- Task instructions
Copy exactly the lines of the data below, beginning with the line with "2T2BZMCA5HC059634 2017 LEXUS RX" and ending with the line with "Caméra de recul". Pictures are to be omitted.

____ Task data

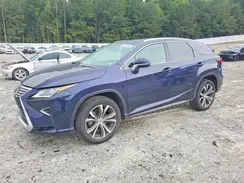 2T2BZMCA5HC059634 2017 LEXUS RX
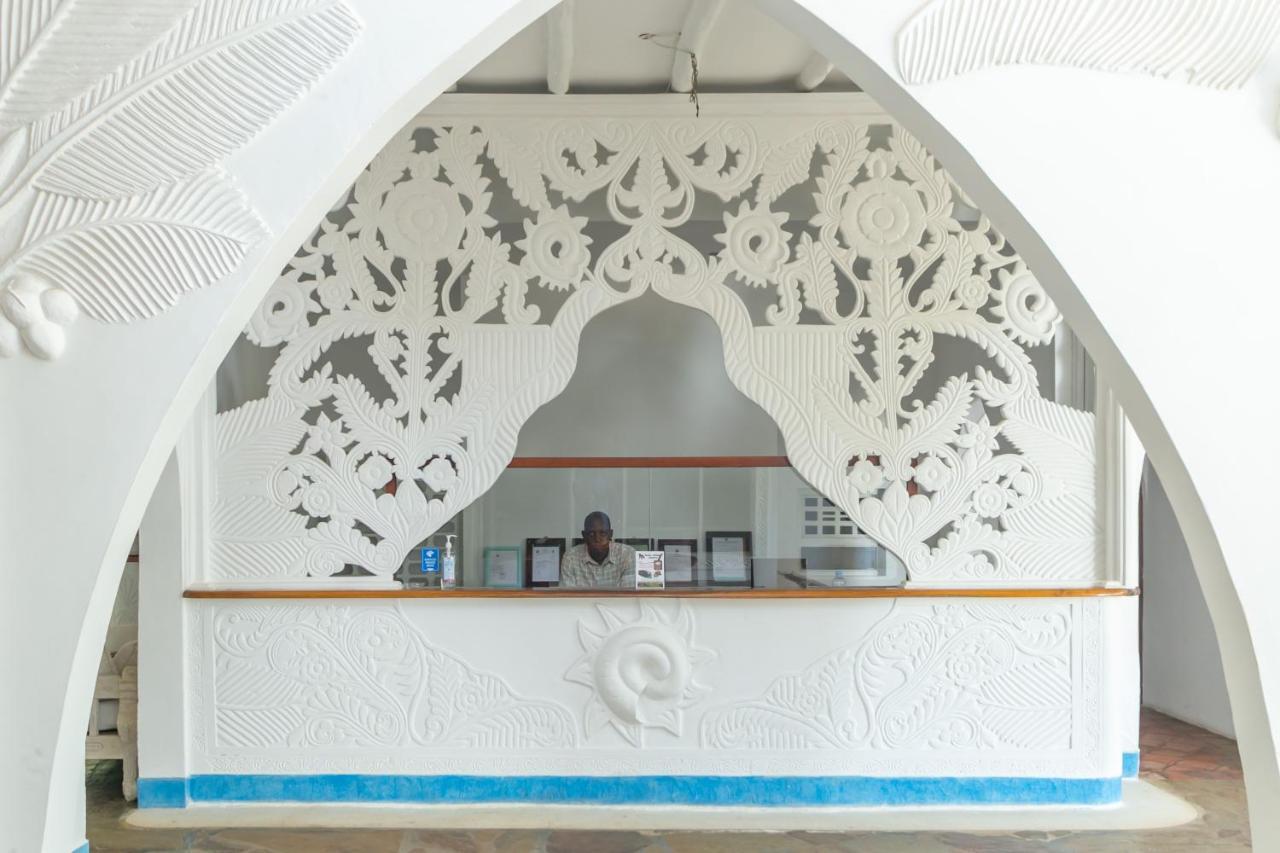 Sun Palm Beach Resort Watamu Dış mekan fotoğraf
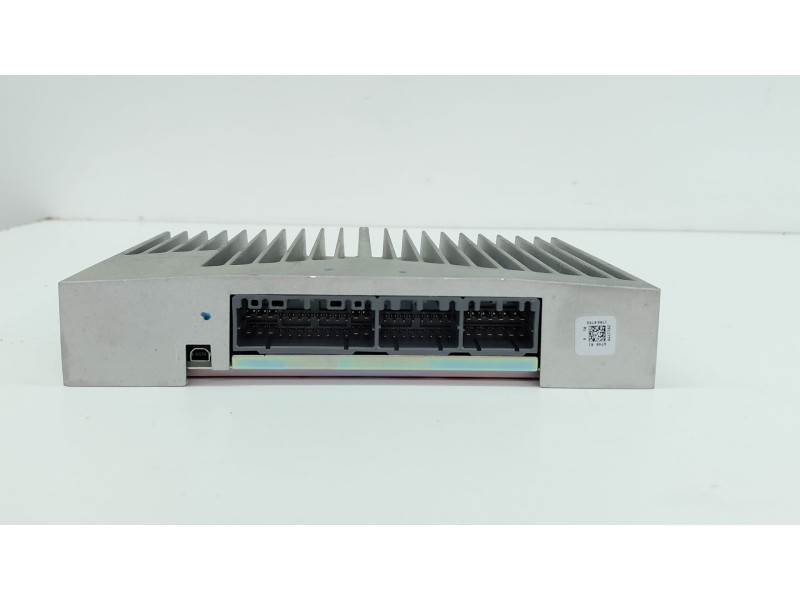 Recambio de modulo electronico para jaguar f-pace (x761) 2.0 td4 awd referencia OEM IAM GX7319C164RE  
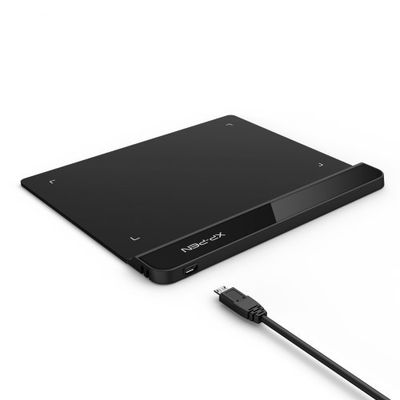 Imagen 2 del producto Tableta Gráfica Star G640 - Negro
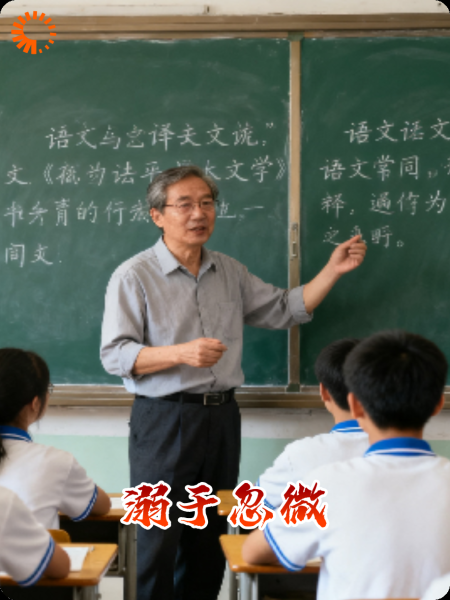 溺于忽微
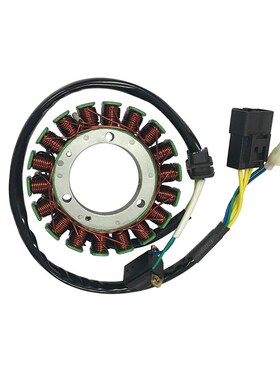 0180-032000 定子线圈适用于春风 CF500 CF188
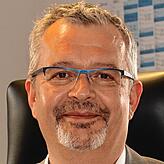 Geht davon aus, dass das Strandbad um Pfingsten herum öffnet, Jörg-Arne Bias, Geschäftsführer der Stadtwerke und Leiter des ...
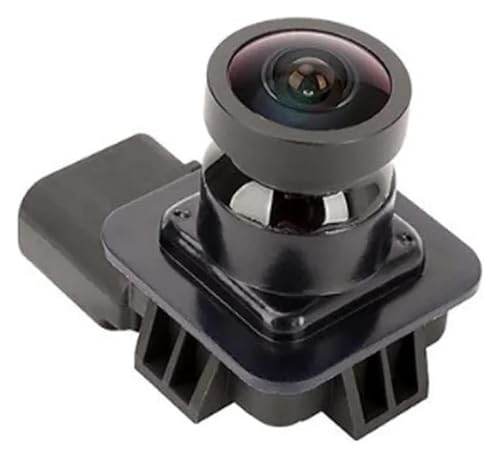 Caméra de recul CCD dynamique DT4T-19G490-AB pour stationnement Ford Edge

________
____ Task data

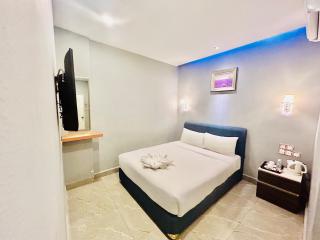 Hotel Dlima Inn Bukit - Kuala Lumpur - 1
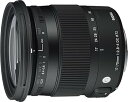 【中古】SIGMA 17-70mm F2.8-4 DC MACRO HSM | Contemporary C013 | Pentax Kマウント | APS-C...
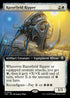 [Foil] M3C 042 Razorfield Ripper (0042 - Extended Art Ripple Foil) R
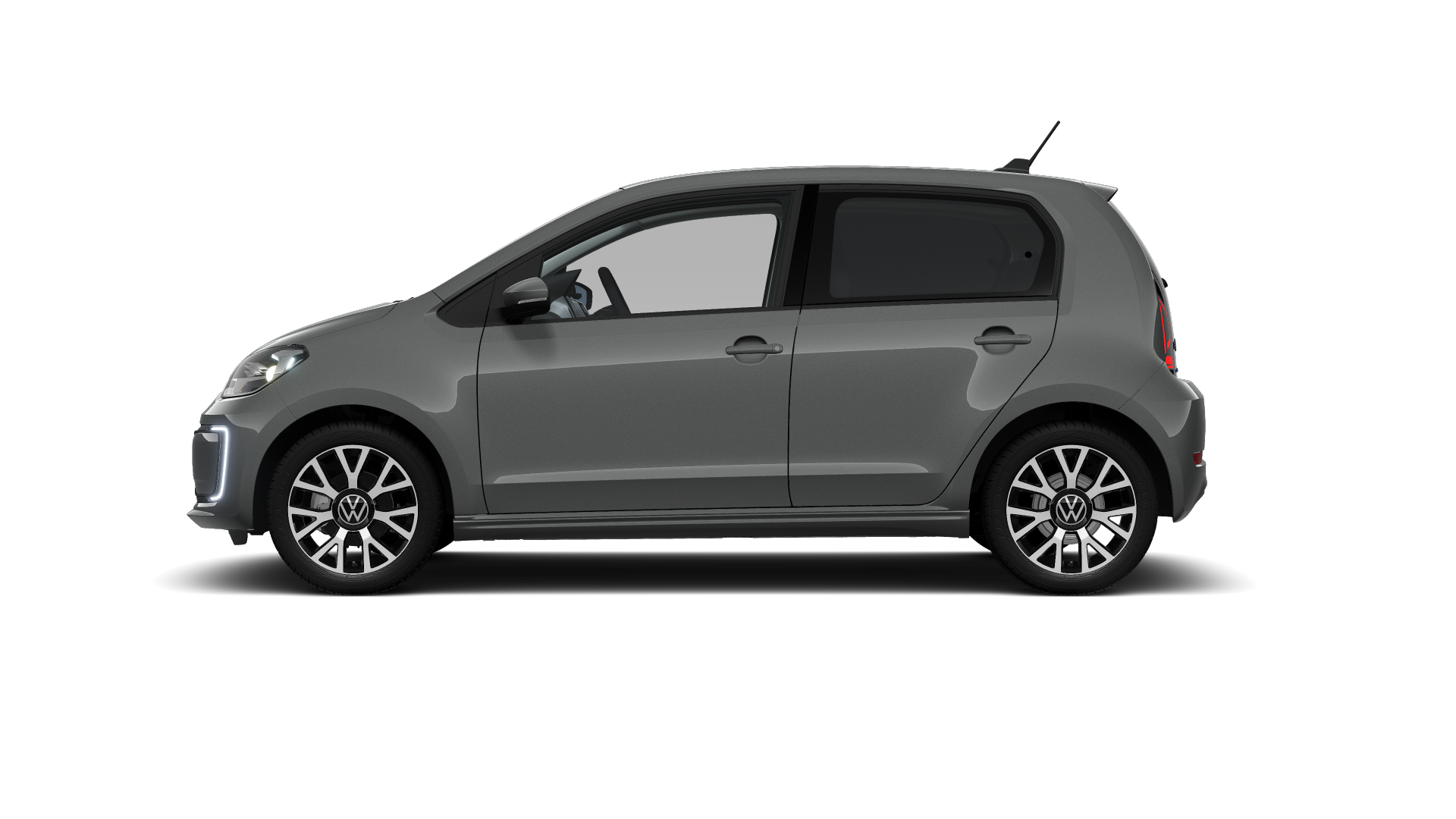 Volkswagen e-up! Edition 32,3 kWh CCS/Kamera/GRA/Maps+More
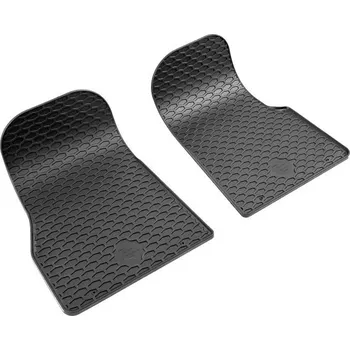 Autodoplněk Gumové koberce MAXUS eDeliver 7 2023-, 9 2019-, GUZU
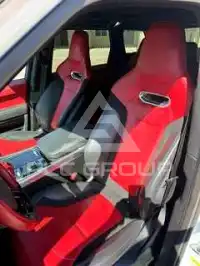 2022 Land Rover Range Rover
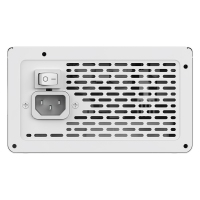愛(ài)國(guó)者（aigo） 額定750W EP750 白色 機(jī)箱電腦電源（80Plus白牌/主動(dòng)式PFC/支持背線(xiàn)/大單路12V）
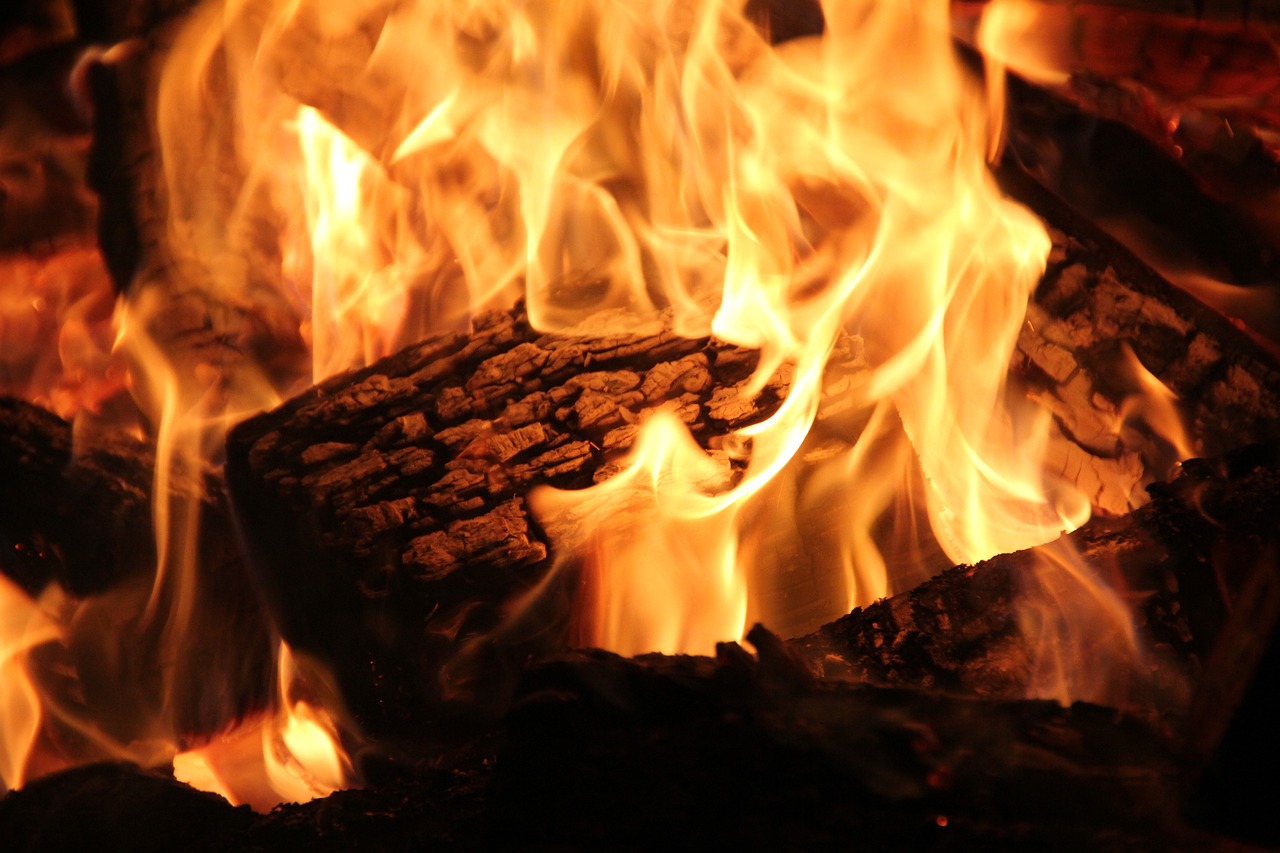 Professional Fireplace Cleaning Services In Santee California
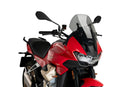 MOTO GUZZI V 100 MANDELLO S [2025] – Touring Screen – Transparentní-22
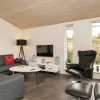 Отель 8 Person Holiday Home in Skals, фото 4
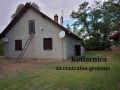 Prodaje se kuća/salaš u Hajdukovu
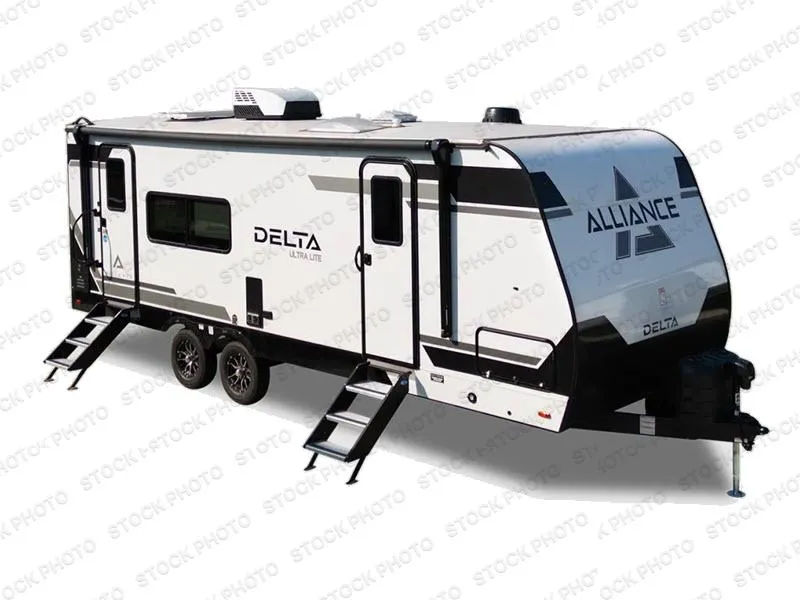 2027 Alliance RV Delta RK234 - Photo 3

________
____ Task data

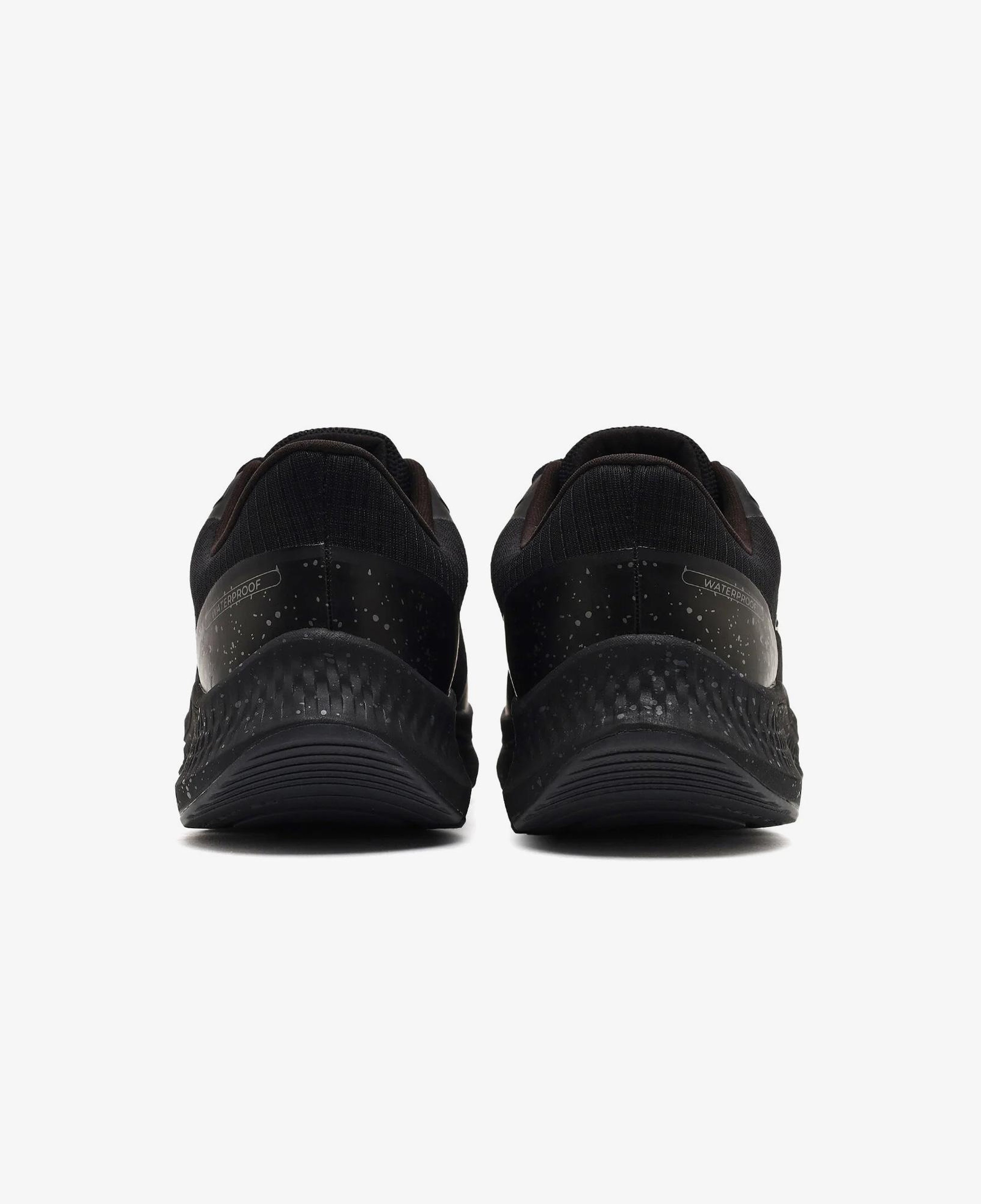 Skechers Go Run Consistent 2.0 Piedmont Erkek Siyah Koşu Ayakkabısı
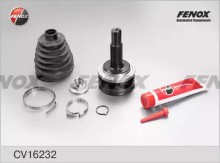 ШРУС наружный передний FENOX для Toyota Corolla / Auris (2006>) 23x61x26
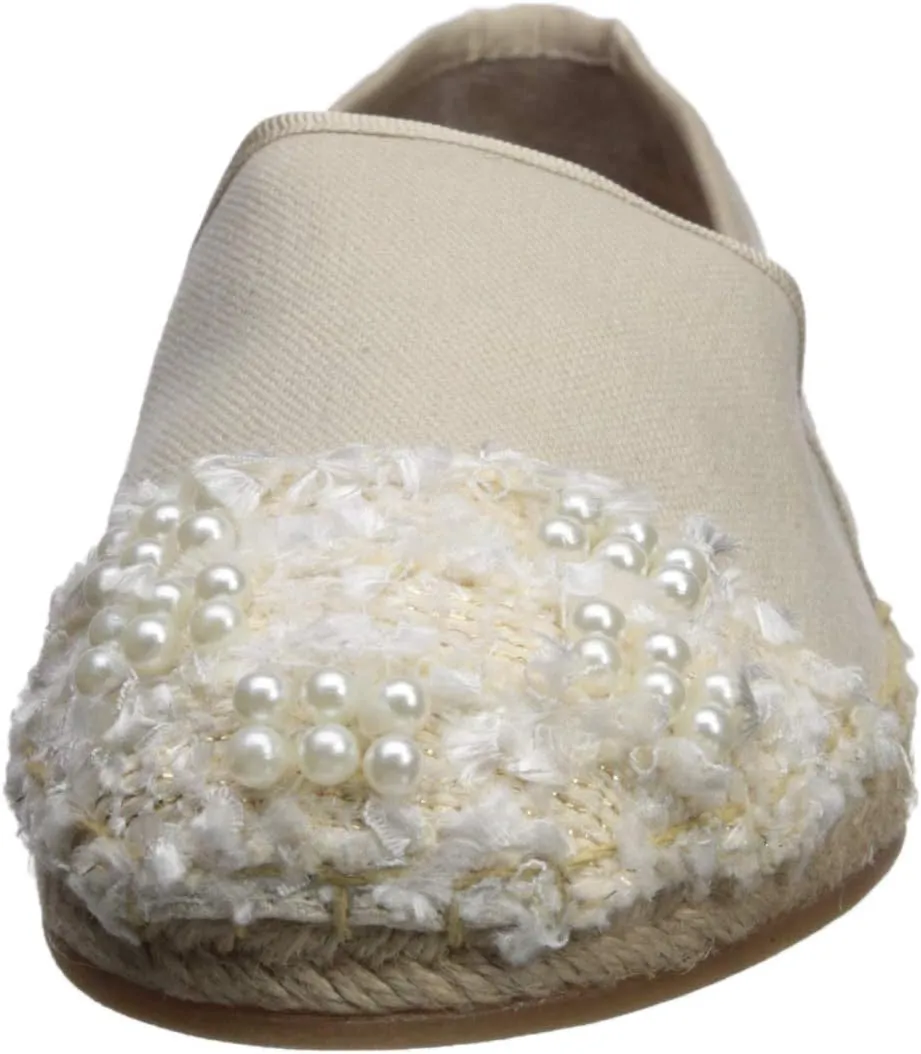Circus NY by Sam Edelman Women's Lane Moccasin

________

- Expected output
 2T2BZMCA5HC059634 2017 LEXUS RX
 Sun Palm Beach Resort Watamu Dış mekan fotoğraf
 Recambio de modulo electronico para jaguar f-pace (x761) 2.0 td4 awd referencia OEM IAM GX7319C164RE  
 Imagen 2 del producto Tableta Gráfica Star G640 - Negro
 溺于忽微
 0180-032000 定子线圈适用于春风 CF500 CF188
 Geht davon aus, dass das Strandbad um Pfingsten herum öffnet, Jörg-Arne Bias, Geschäftsführer der Stadtwerke und Leiter des ...
 Caméra de recul CCD dynamique DT4T-19G490-AB pour stationnement Ford Edge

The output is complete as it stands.